## Extracted records:
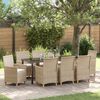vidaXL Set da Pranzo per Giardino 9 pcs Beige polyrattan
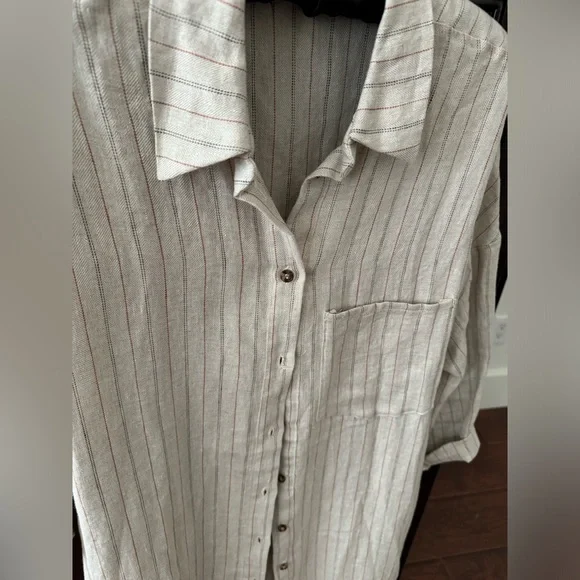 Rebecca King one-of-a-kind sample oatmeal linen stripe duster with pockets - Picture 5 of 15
--
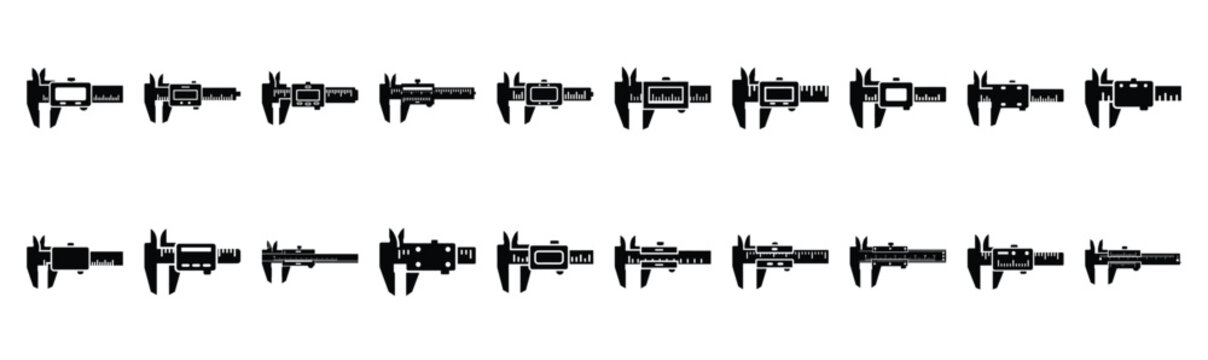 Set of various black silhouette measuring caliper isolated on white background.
...
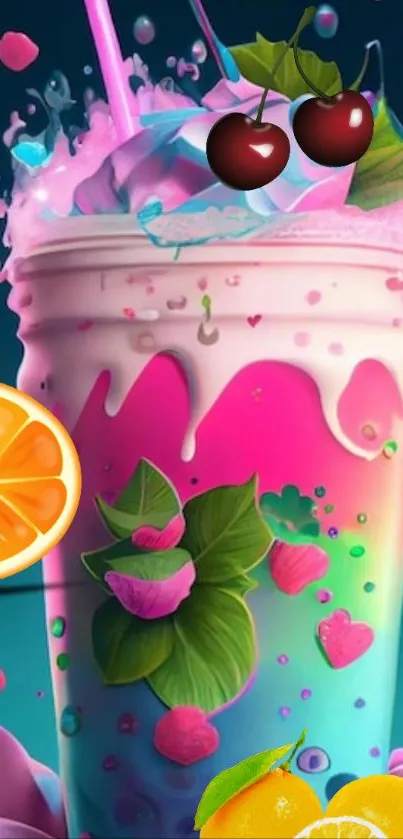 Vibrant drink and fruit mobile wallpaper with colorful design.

## Task requirements:
From the records above, copy only the lines running from the line containing "vidaXL Set da" to the line containing "Rebecca King one-of-a-kind", both ends included. Leave the pictures out.

## Expected output:
vidaXL Set da Pranzo per Giardino 9 pcs Beige polyrattan
 Rebecca King one-of-a-kind sample oatmeal linen stripe duster with pockets - Picture 5 of 15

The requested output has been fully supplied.